Placer en mi propia cárcel
Por Selestina, el 09/07/2018

Cuando se llega a cierta edad, parece que es el fin de todo para una mujer: no se es lo suficientemente bonita, graciosa, sexy, flexible, deseable... Comienza a aparecer un halo de tristeza y quizás piedad por la “solterona”, la “aburrida”, la “workaholic”.
Porque ser una mujer que sabe lo que quiere siempre ha tenido un precio alto. Muy alto si sabes lo que quieres de un hombre, si te atreves a pedir más, si no buscas el anillo, la casa perfecta, los niños y la mascota. Que estaría bien, claro que sí, pero conformarme nunca ha sido lo mío y dejar de ser mujer para ser florero, mucho menos.

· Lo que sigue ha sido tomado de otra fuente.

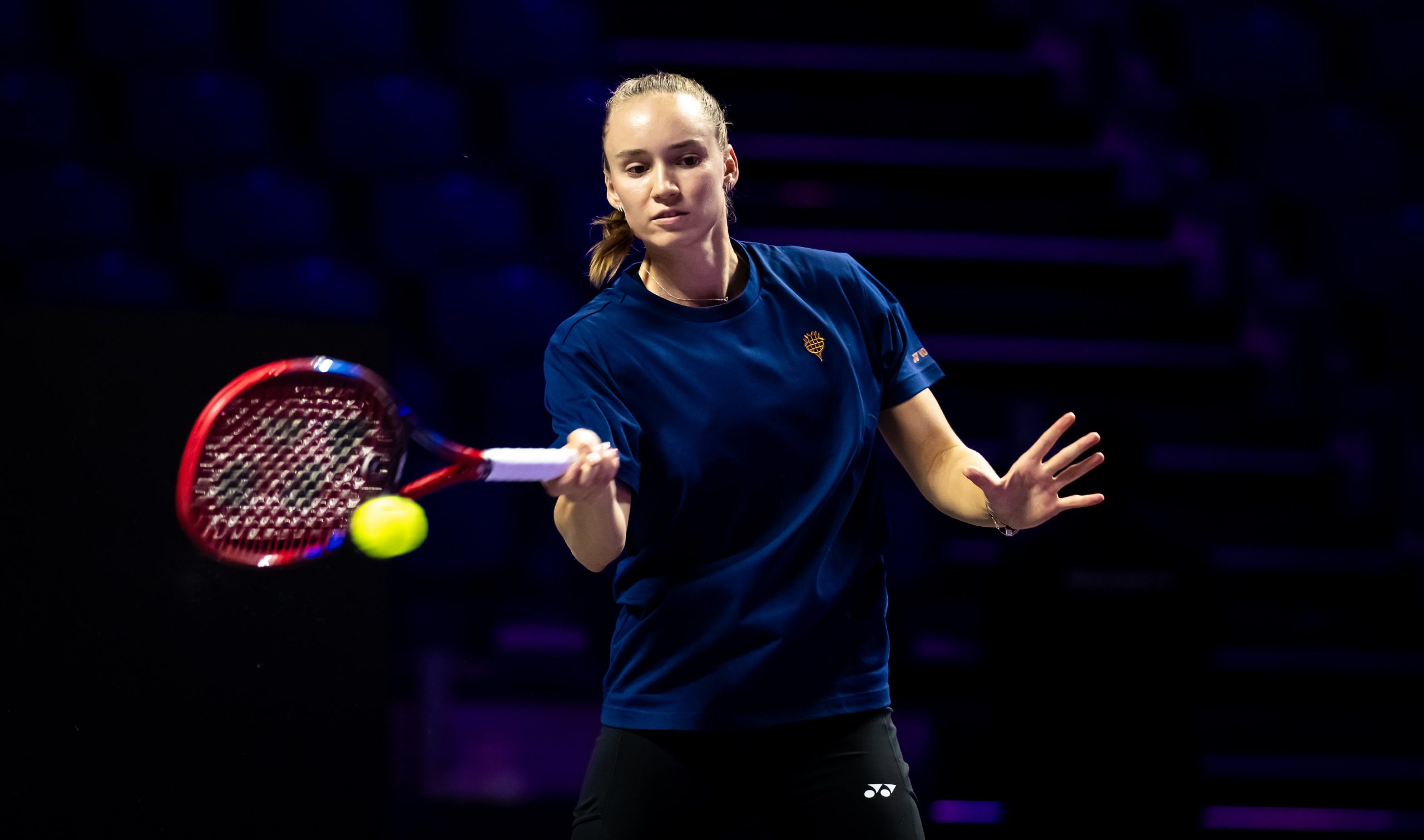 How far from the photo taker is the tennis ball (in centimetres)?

Así es que con 41 años comenzaba a pagar mi precio. Sola en casa, sin mascotas, con un trabajo genial, pero sin ser la típica mujer complaciente y servicial, que disfruta jugando a las casitas.
¿Y qué es lo que me gustaba? Ir más allá. A mi edad ya no tengo miedo de pedirlo, de mirar a los ojos a un hombre y decirle sin pudor: Quiero ser tu esclava, tu perrita. O de tomarlo por el cuello y decirle al oído lo malo que había sido y lo mucho que deseaba castigarlo: Has sido un mal mal tipo, pero yo te voy a enderezar, te voy a corregir...
Y esto es solo la puerta de entrada, es la invitación a jugar al poder, a tentar, a sentir, a tener noches llenas de pasión, de conocer juguetes que te marquen la piel y el alma de puro placer.
Me sentía sola, pero sabía muy dentro de mí que no podía estarlo. Ocurría que alguna noche en algún bar, en algún centro comercial, sentía esa mirada especial de un hombre o de una mujer, más de una vez hasta de una pareja, esa mirada que incita y busca la complicidad del que no le teme a la fuerza.
Pero donde nunca esperé encontrarla fue en mi oficina, ese gris edificio lleno de contables y secretarias, todos iguales. En esa cárcel conocí no a una, sino a varias amigas, mis futuras carceleras... En un trabajo tan aburrido, no me era difícil fantasear, hacer alguna incursión a mi ordenador y deleitarme con las órdenes de las dominatrices y los gemidos de los sumisos. Era muy fácil, nadie me veía...¿o sí?
Sí lo hacían. La mirada de la pasante más joven, la más callada, se posó un día sobre todo mi cuerpo durante una de estas escapadas. Pude sentirla derás de mi silla, estremecida, curiosa, y encantada. Fue delicioso ver su pudor, su encanto y como huyó, apenada, casi asustada, pero con media sonrisa en sus labios. Era una de las mías, solo tenía que saber más.
Seguí tentándola poco a poco, alguna foto subida de tono entre las carpetas, otro vídeo “accidental”, charlas inocentes sobre su vida, sobre su novio y alguno que otro acercamiento sutil pero firme.
Hasta que tuve mi gran oportunidad en la fiesta de Navidad, mucho alcohol y más desinhibiciones: perfecto. Le di su espacio, pero la busqué toda la noche, con la mirada, con gestos, esperé a que cada uno de los borrachos cayera. Nadie podía llevarla a casa, excepto yo, sin una gota alcohol en el cuerpo, atenta y lista para cuidarla.
La subí a mi coche. Ni una palabra, la tensión sexual se cortaba, esperaba a lanzar mi ataque, pero ella se me adelantó. ¿Entonces qué planea para mi, ama Moira?
Hablábamos el mismo idioma... Me reí, la llevé a casa. Conseguí no solo a una experta en sumisión, sino también un novio experto, listo para cumplir nuestros deseos, nuestras locuras...
Desde entonces, nos reunimos cada dos viernes, mi pasante favorita, su chico y yo, o Ana la contable y algún amigo. A veces también viene ese abogado sexy y tímido, otro alumno, un perrito para castigar, que disfruta con ello, que no teme ser penetrado por una mujer segura de sí misma.
Ya no estoy sola, cada vez somos más y cada vez lo pasamos mejor. Encontramos el placer sin salir de nuestra propia cárcel.